══ Data for review ══
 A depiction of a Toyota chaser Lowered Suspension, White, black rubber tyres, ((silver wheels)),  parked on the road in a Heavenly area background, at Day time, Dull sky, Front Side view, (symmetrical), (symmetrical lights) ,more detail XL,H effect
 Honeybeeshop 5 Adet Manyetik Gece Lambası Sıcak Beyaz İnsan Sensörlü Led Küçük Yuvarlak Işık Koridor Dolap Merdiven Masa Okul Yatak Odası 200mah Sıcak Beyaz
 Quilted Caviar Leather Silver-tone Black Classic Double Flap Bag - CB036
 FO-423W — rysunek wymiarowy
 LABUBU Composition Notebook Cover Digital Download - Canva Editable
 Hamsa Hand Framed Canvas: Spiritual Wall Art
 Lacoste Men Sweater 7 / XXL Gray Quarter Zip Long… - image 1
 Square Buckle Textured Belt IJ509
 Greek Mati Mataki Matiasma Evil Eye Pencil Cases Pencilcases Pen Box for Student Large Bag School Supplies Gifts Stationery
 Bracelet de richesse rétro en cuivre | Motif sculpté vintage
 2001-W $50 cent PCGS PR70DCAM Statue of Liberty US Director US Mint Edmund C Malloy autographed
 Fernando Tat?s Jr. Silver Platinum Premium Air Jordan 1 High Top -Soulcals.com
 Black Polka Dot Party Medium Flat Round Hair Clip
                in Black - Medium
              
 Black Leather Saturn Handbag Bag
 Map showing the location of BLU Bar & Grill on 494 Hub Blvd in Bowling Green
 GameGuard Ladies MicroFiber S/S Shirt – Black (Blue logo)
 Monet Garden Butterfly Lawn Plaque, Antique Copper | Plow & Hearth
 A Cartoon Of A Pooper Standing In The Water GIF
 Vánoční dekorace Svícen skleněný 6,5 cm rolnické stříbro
═══
Prompt: Find how many lines in the material above contain "Medium", and answer with that number only.

Solution for this exercise: 2